When people are very optimistic about a sector or a company, I would be cautious because that means that people have already bought the stock. Whereas, when the whole world is pessimistic about the sector, it means that there is no interest. People may have already sold it and certainly they are not buying either. And therefore, it interests me because if everybody is pessimistic about the sector or a company or an economy, it means that valuations are low by definition.
EQTM: What are your favourite books?
I have many favorite books. It will be immodest to say that my favorite book is the one that I wrote. I think, for people involved in the share market, I think the great book is ‘Maniacs, panics and crashes’ by Professor Kindelberger. In that book, there are lot of very interesting stuff that he puts together and it is easy to read for an individual.
I think ‘The Alchemist’ by Paul Coelho, a Brazilian novelist, is also a great book.
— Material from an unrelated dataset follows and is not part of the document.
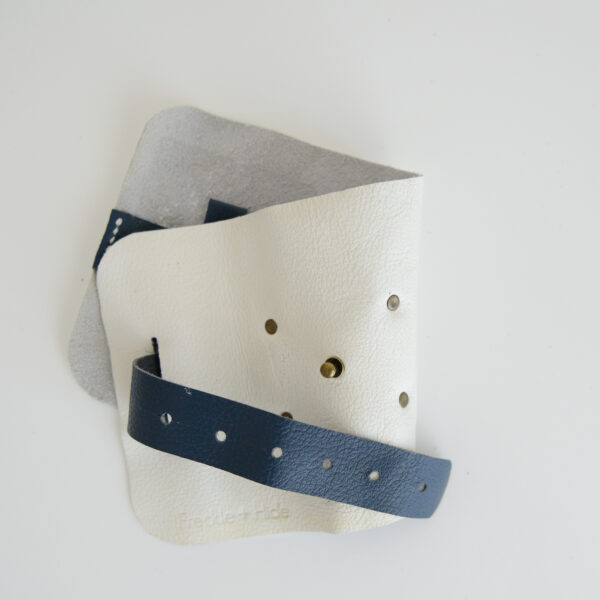 Cream and navy blue cable tidy roll with antique brass rivets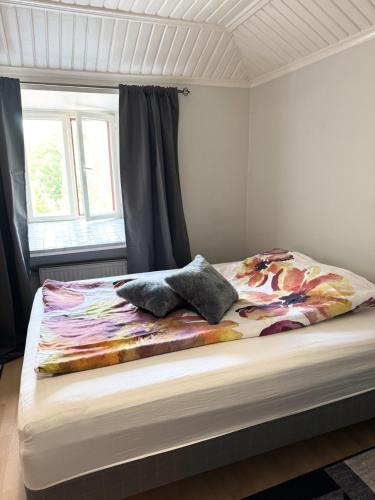 a bed with a colorful blanket on it in a bedroom at Rautatien ullakkohuoneisto in Karkkila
It shows that if you want to obtain your pot of gold, you have to endure lots of hardship and investors should be aware of that. I think there are other very good investment books, which I have actually on my website the favorite books.
EQTM: Who are the people that you admire the most?
Well, I think, people who have put their self-interest in the background and pursued the goal. I mean, Mahatma Gandhi, was a certainly an individual of a great stature. As in Nelson Mandela is an individual to be admired for his tenacity and endurance. And I also admire religious leaders like Jesus, Mohammad and Buddha.
In principle, I am a Christian. But I have an affinity to the teachings of Buddha because I think he taught extreme tolerance. In other words, he did not teach that you have to pray to someone for your daily bread. You have to work on yourselves and I think it is a very important thing in life to realize for people that you should first look at your own mistakes and try to work on yourselves before playing it on other people.